Over our years of working within insolvency, we have been asked many questions by directors whose companies have received a petition to wind them up, or by creditors who can’t get paid. When designing this website, we thought that it would be best to summarise those queries that have been raised most frequently. If you have a question that you would like to ask, please contact us. We will be happy to reply to you directly and keep this page updated.

So…

What is a Liquidation ?

It’s a process that turns the company’s assets into cash. That cash is then distributed to creditors and, if there is some left over, to shareholders.

In almost all circumstances it is the end of the road for the company.

Who turns the company’s assets into cash ?

A Liquidation must be conducted by an IP, who will be called the Liquidator.

So what’s a Compulsory Liquidation and how is it different to a Creditors’ Voluntary Liquidation (CVL) and a Members’ Voluntary Liquidation (MVL) ?

A Court can make a Winding Up Order if asked to do so and the company will then be in Compulsory Liquidation. A CVL is also an insolvent Liquidation. The company is not able to pay all its debts in full, but the directors and shareholders have taken steps to wind it up. An MVL is solvent and creditors will all be paid, together with interest.

Who can ask the Court to wind a company up ?

A petition can be issued by:

  • an unpaid creditor;
  • the company;
  • its directors; or
  • the shareholders.

What does an unpaid creditor need to prove to ask for a winding up Order ?

The creditor must be owed more than £750 and the Court will need to be satisfied that the company is insolvent.
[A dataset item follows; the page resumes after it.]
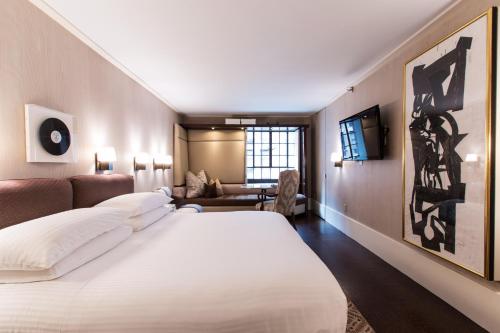 Habitación Doble de lujo (cama doble extra grande) del hotel City Club. Foto 2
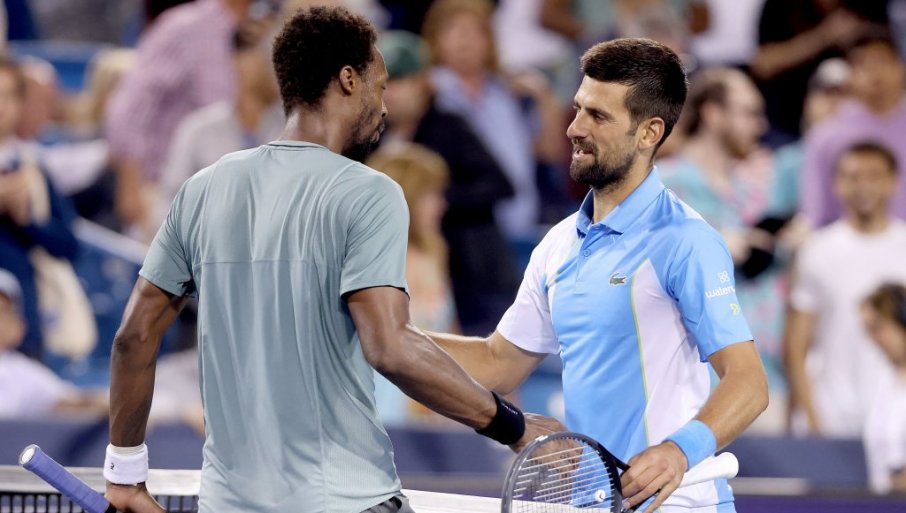 ZA NJIH SU GODINE SAMO BROJ: Nole i Monfis pokazali zašto su najbolji teniseri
In practice a Compulsory Liquidation is the only procedure that any creditor can commence regardless of the company’s and other creditors’ wishes. It is usually the last resort for a frustrated creditor and should not be used as a debt collection tool.

How does a Liquidator get appointed in a Compulsory Liquidation ?

Initially the Official Receiver (OR) will be appointed following the Court’s Order. Creditors can request a Liquidator at a meeting of creditors, or by the Secretary of State if there is a clear majority of creditors, by value, that want one. Alternatively, the OR may ask the Secretary of State to appoint a Liquidator from a rota of local IPs.

What are the Liquidator’s duties ?

As well as selling the company’s assets and collecting its debts, the Liquidator should review the company’s books and records from prior to the Liquidation and can bring Court proceedings against anyone who has committed a Liquidation offence.

The OR will continue to investigate the actions of the directors and will decide whether any action should be taken against them.

Overall, the Liquidator should act in the best interests of all creditors. When there are sufficient funds to pay a dividend then the Liquidator will review, agree or reject creditors’ claims.

How often must the Liquidator keep in touch with creditors ?

Most Liquidators are happy to deal with creditors’ queries throughout the Liquidation, but otherwise a Liquidator must report to creditors annually and when the Liquidation is finished.

Who pays the Liquidator ?

The Liquidator’s expenses and own costs come out of the company’s assets before unsecured creditors get paid. If there are insufficient funds to pay the Liquidator, they won’t get paid unless a third party has agreed to put up the money.

What happens to the company after Liquidation ?

It is “struck off” the register at Companies House. After a while the name is available to be re-used by anyone looking to set up a company.